**Source material**.
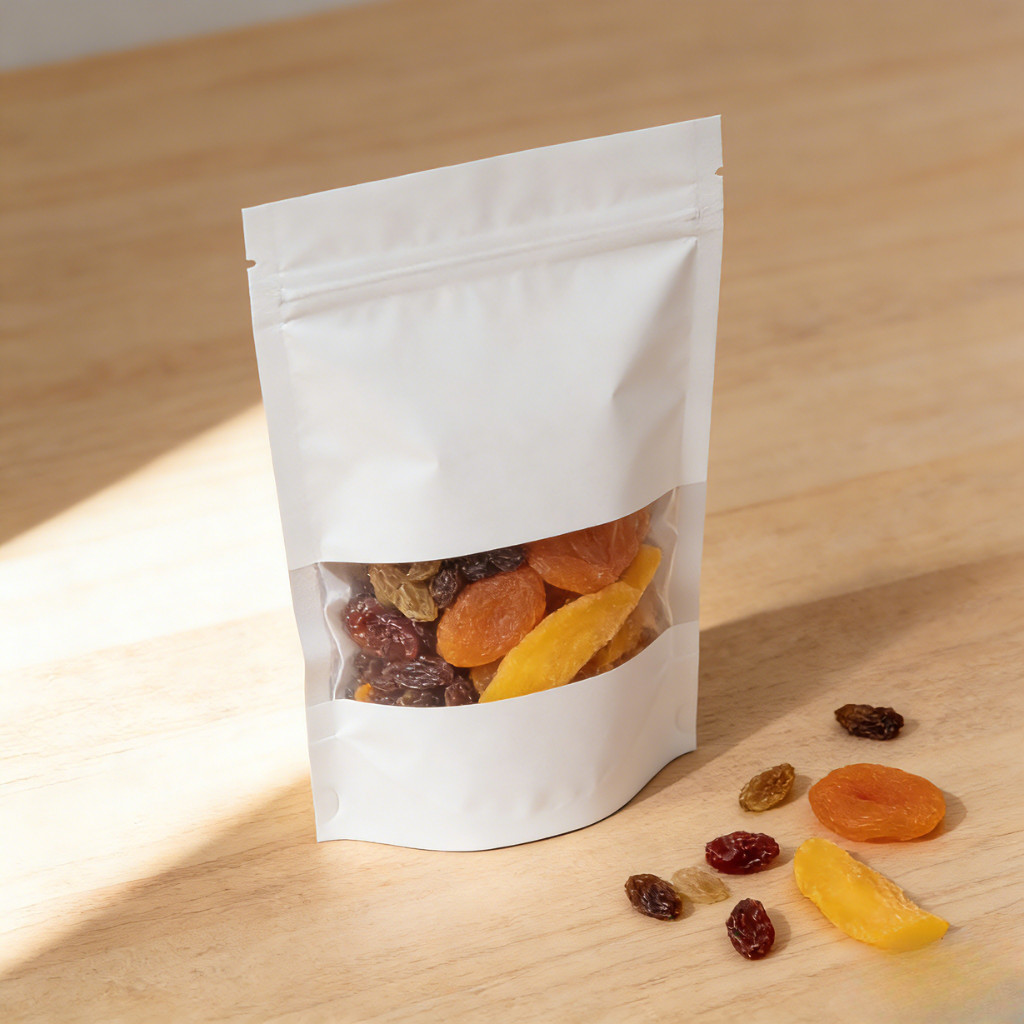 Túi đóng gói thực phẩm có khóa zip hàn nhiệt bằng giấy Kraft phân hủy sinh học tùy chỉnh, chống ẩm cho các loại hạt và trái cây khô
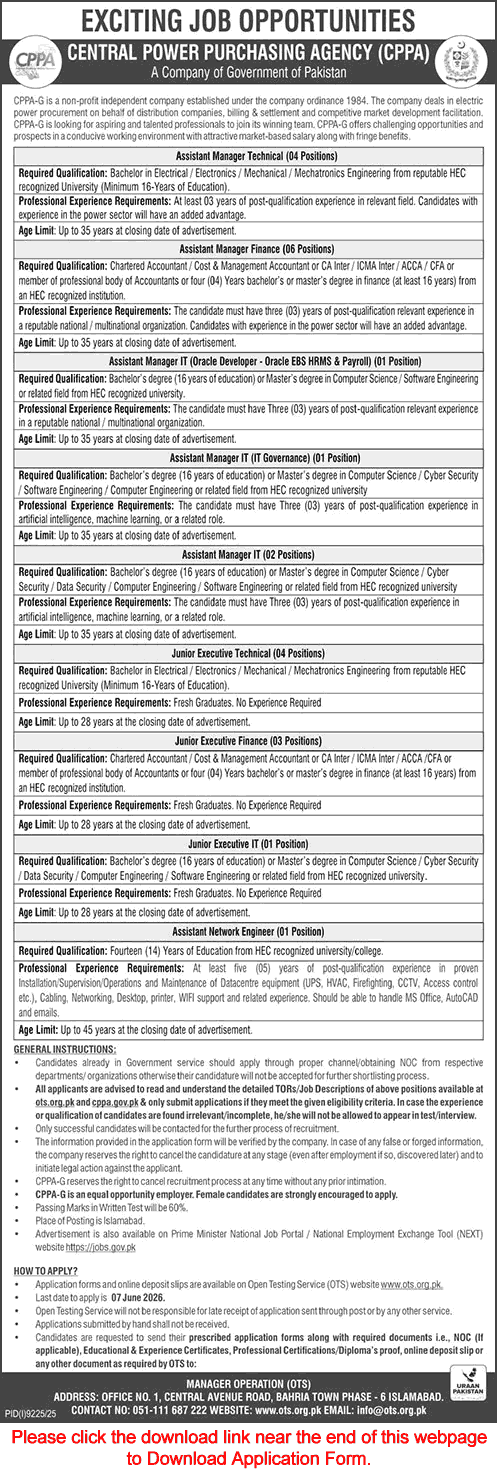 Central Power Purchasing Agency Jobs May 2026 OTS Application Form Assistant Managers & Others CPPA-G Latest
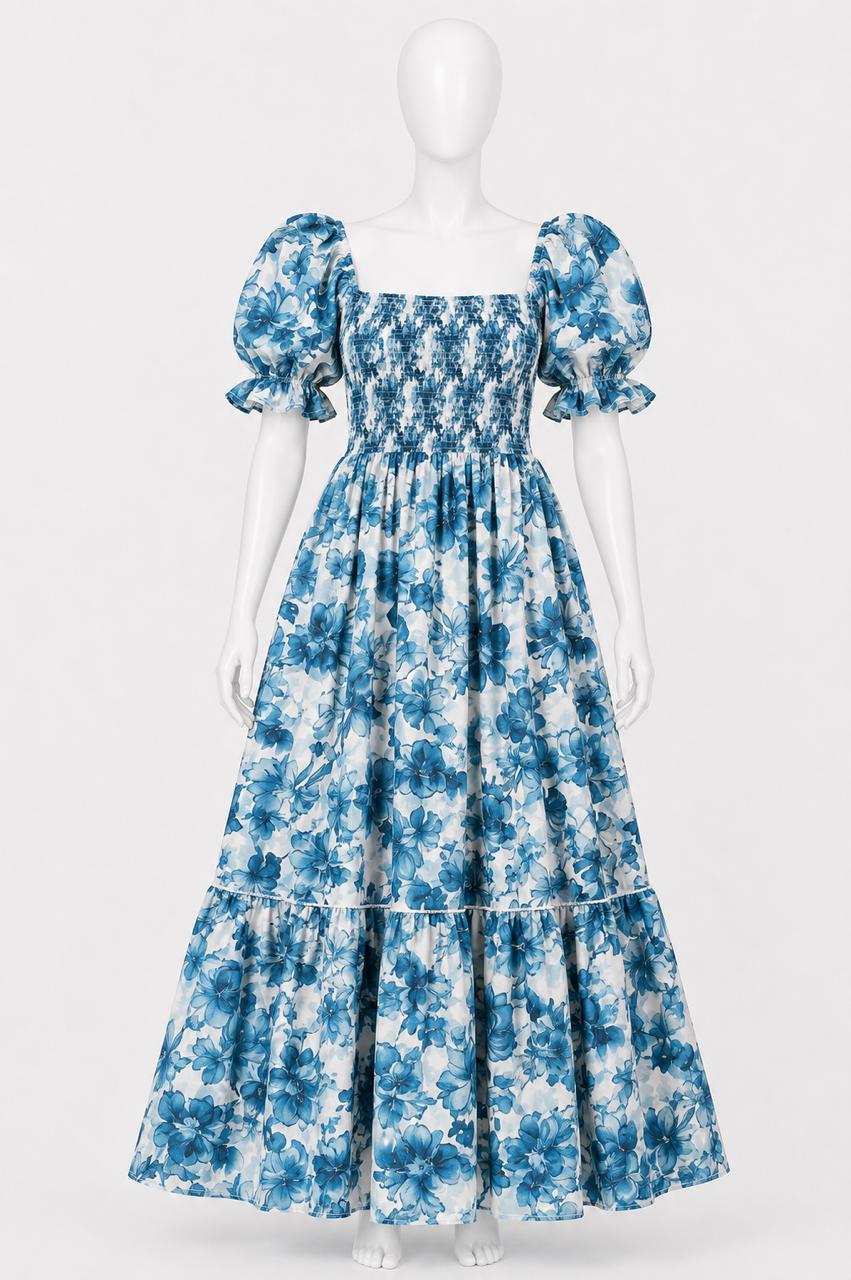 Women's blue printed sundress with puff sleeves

**Exercise goal**. Transcribe the preceding listing in its entirety and with exact wording, leaving out pictures.

**Solution to this task**.
 Túi đóng gói thực phẩm có khóa zip hàn nhiệt bằng giấy Kraft phân hủy sinh học tùy chỉnh, chống ẩm cho các loại hạt và trái cây khô
 Central Power Purchasing Agency Jobs May 2026 OTS Application Form Assistant Managers & Others CPPA-G Latest
 Women's blue printed sundress with puff sleeves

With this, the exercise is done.